■ **EXERCISE INPUT**:
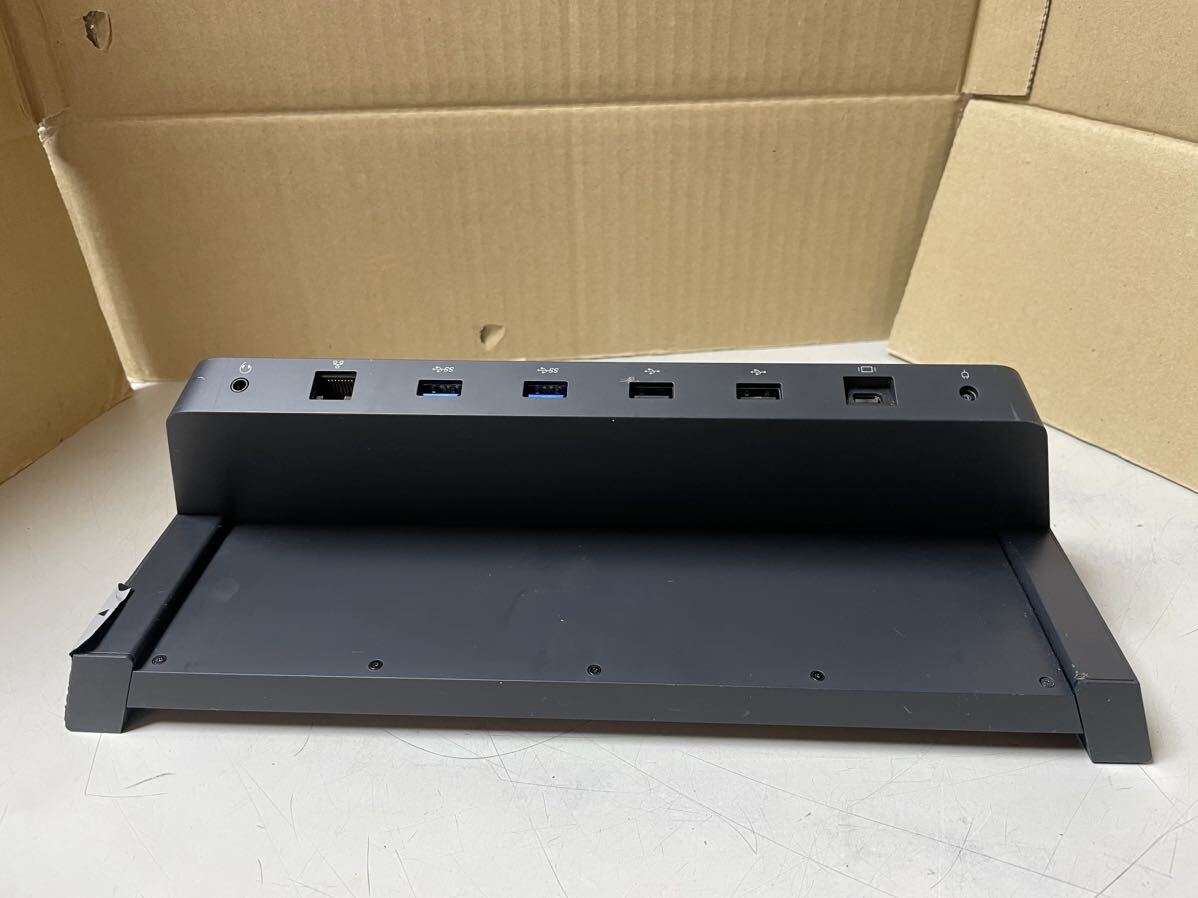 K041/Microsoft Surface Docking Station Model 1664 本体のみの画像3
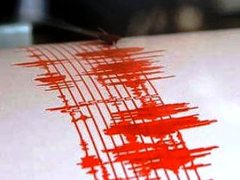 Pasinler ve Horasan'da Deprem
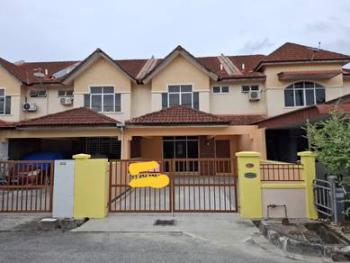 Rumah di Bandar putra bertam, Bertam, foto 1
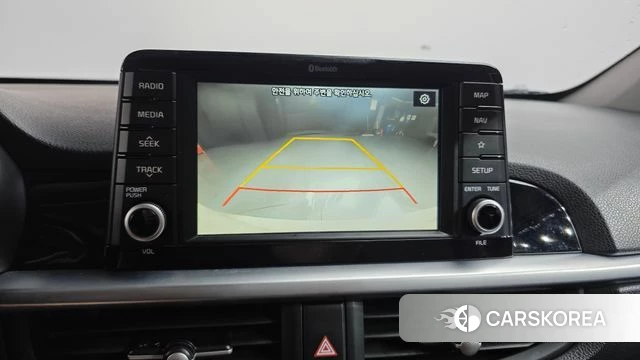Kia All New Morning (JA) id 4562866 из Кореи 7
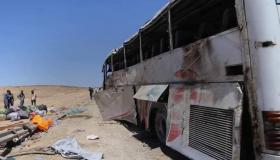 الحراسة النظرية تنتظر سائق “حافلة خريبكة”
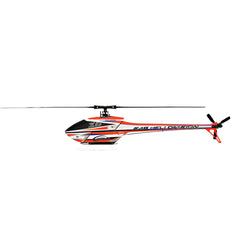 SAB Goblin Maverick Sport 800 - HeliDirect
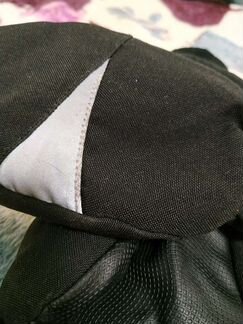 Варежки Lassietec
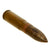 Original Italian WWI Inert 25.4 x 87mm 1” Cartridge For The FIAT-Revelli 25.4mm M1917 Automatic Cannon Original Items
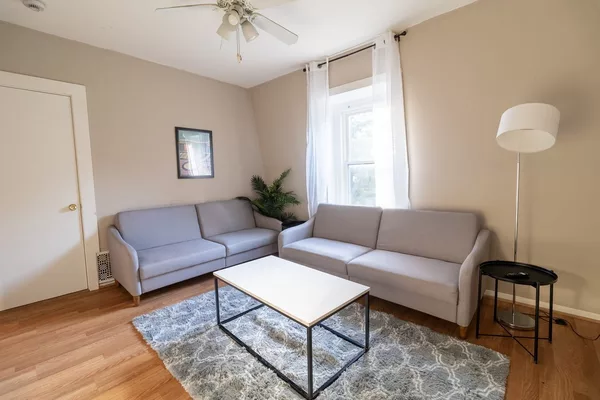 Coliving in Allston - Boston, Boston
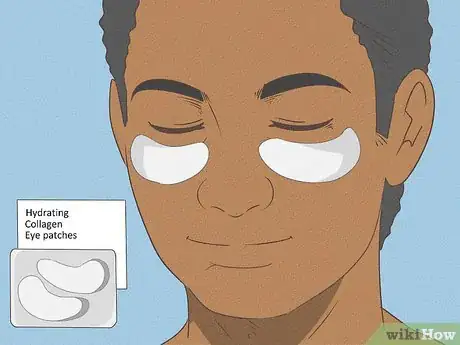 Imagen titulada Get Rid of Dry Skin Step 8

---

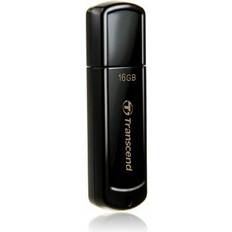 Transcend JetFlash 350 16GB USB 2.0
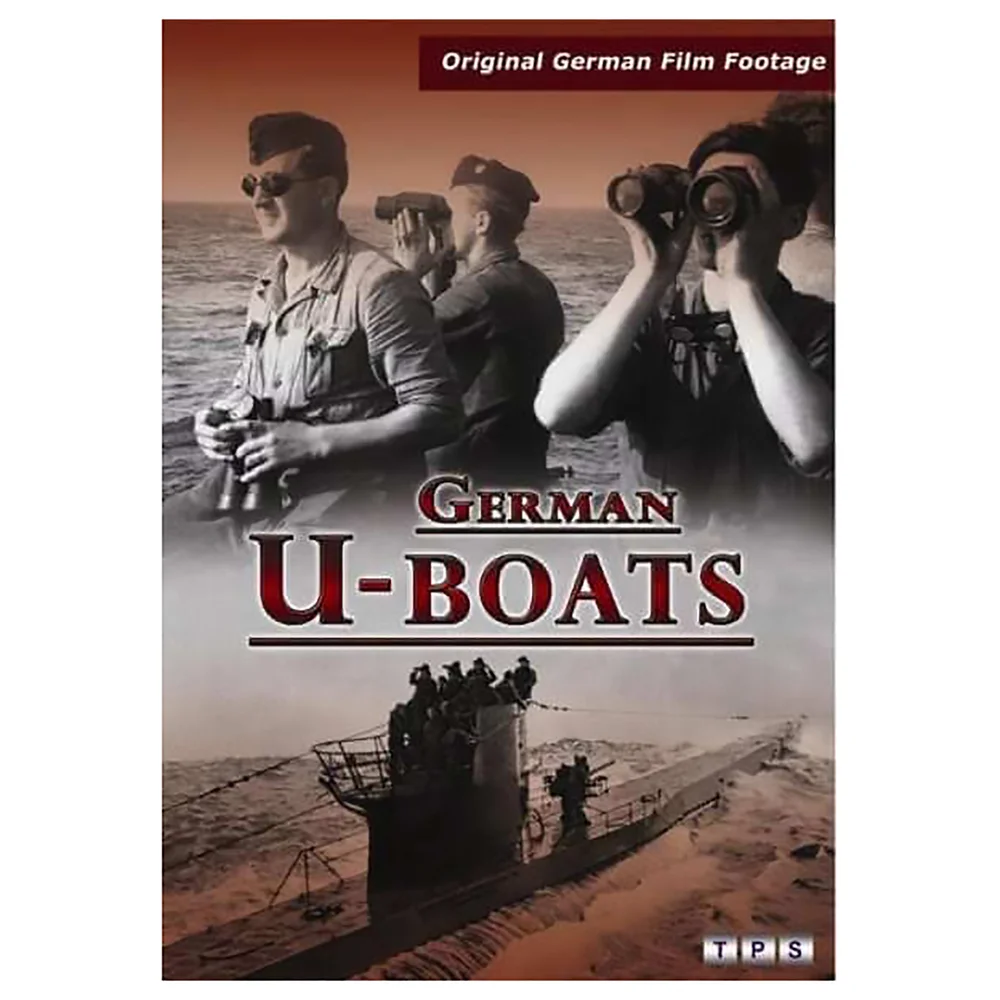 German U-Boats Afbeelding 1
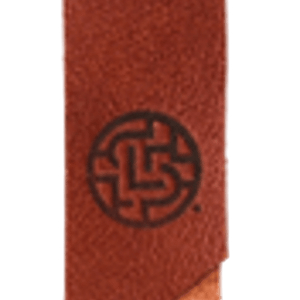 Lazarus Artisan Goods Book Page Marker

...

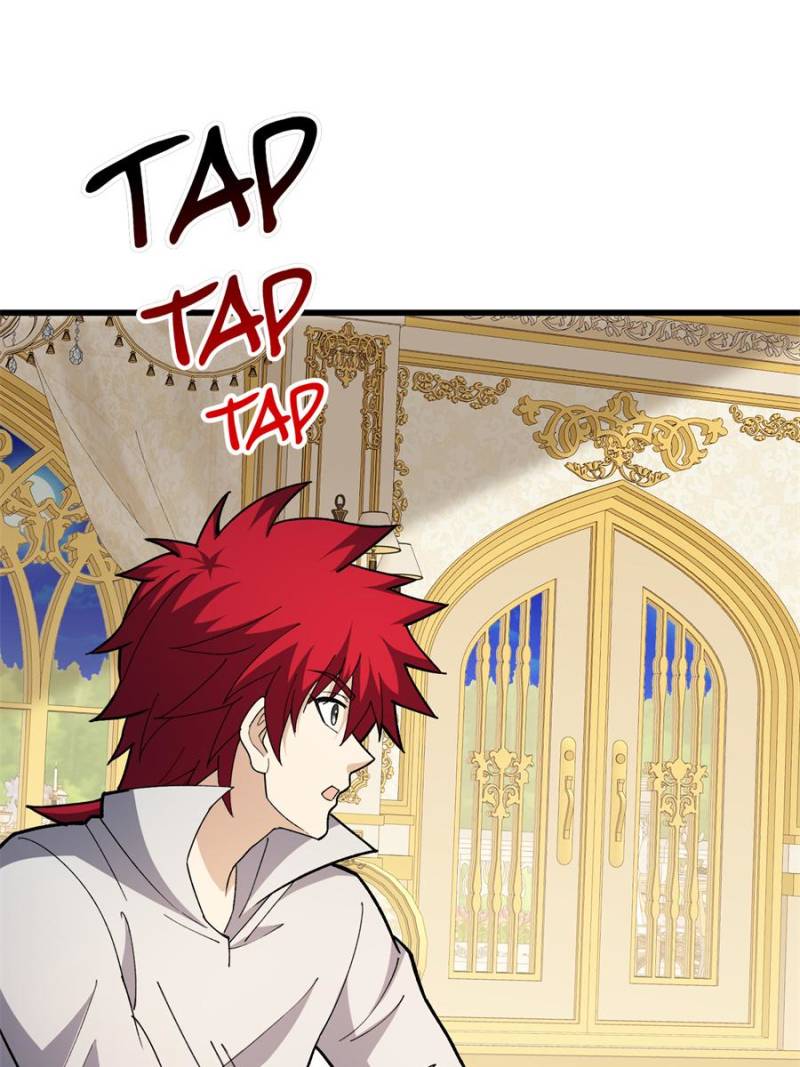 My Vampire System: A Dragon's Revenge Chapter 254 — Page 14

■ **THE TASK**: With the pictures omitted, restate word for word the lines above from the line that has "Kia All New" up to and including the line that has "Imagen titulada Get Rid of Dry Skin Step 8", and no other lines.

■ **EXERCISE RESULT**:
Kia All New Morning (JA) id 4562866 из Кореи 7
 الحراسة النظرية تنتظر سائق “حافلة خريبكة”
 SAB Goblin Maverick Sport 800 - HeliDirect
 Варежки Lassietec
 Original Italian WWI Inert 25.4 x 87mm 1” Cartridge For The FIAT-Revelli 25.4mm M1917 Automatic Cannon Original Items
 Coliving in Allston - Boston, Boston
 Imagen titulada Get Rid of Dry Skin Step 8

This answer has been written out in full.